=== Section Start ===
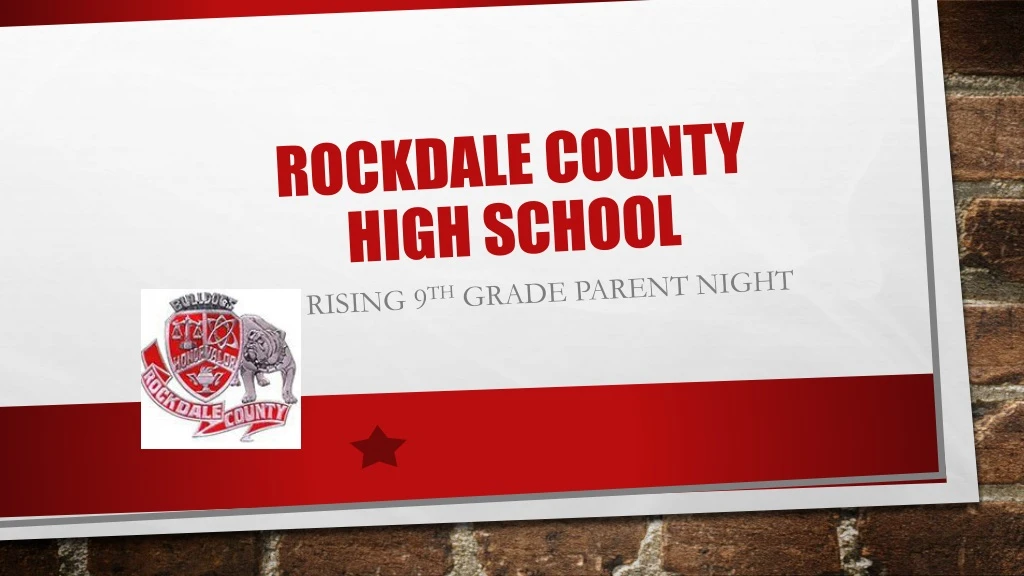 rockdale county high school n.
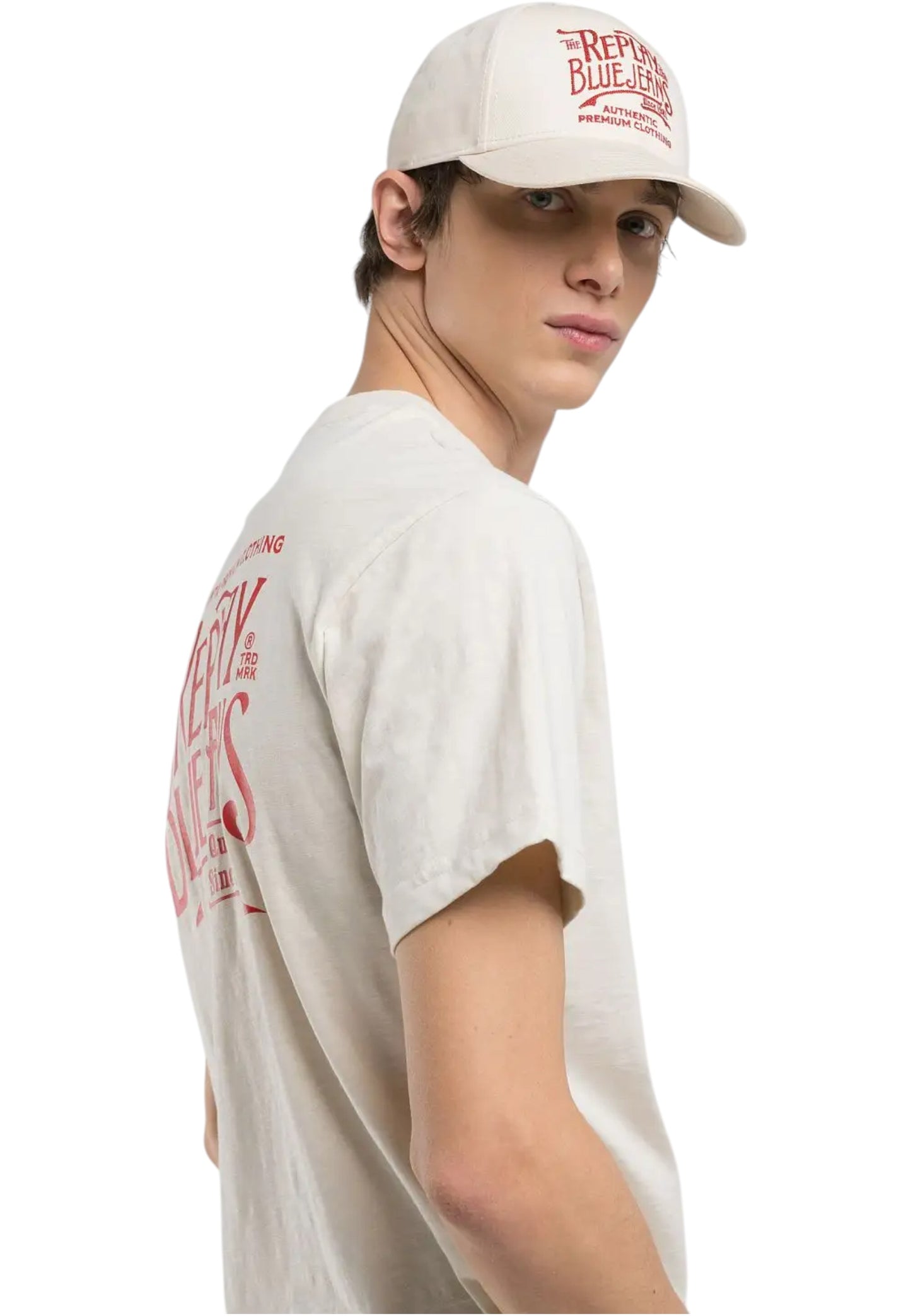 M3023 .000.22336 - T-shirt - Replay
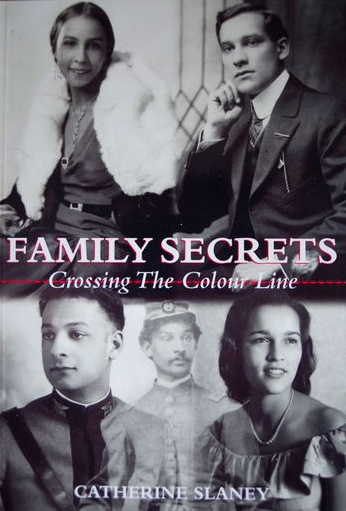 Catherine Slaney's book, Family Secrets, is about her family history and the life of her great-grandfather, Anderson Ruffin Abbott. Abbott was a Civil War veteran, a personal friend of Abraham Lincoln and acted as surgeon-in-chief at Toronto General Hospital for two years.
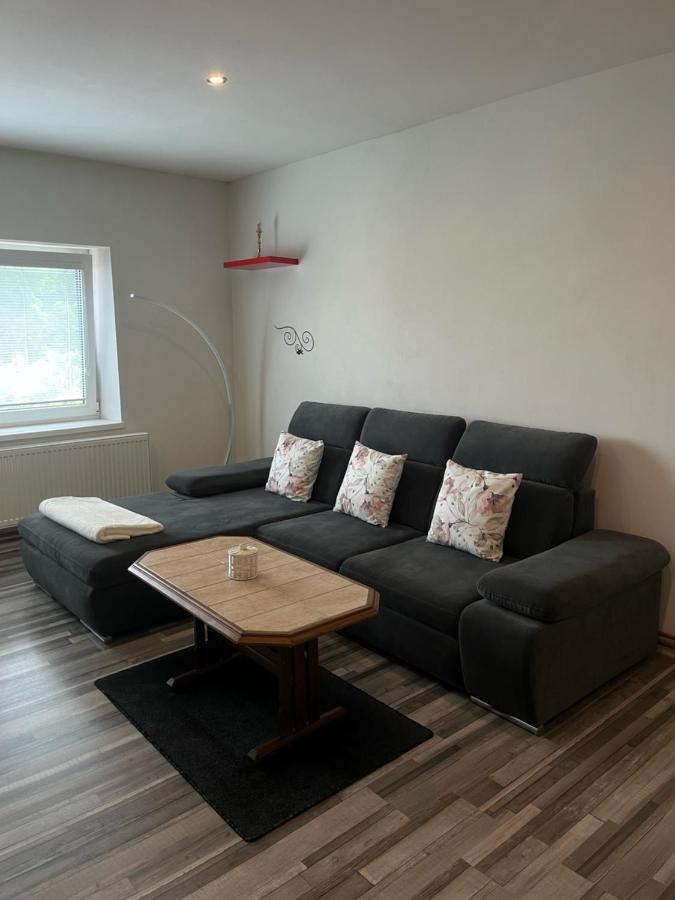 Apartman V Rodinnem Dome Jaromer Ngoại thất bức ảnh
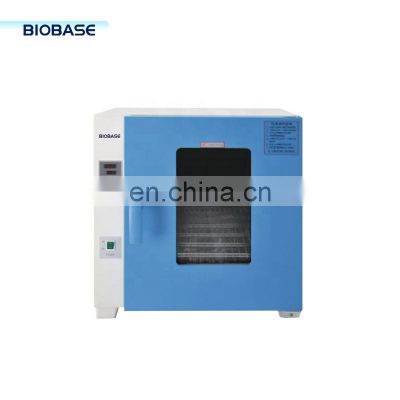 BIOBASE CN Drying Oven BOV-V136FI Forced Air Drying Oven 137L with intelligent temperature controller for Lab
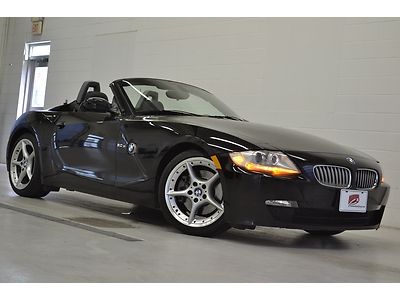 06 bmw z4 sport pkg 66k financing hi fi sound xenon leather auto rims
=== Section End ===
=== Section Start ===
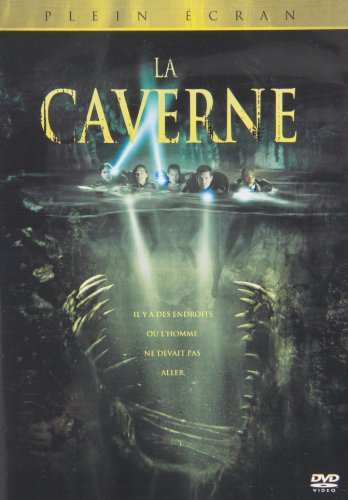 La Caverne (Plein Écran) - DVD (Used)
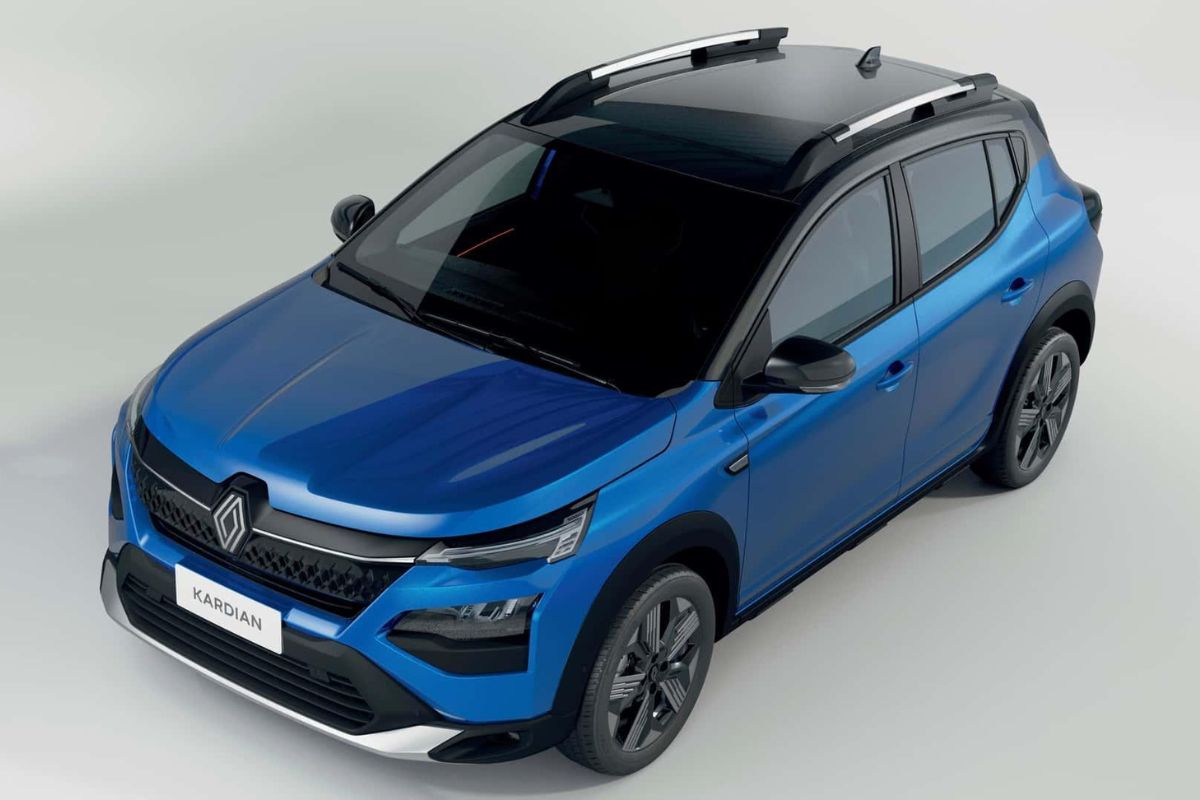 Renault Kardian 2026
=== Section End ===
» WHAT NEEDS TO BE DONE
Skip every picture, and restate word for word only the lines above from the line containing "La Caverne (Plein Écran) - DVD (Used)" to the line containing "Renault Kardian 2026", both of them included.

» RESULT OF THE EXERCISE
 La Caverne (Plein Écran) - DVD (Used)
 Renault Kardian 2026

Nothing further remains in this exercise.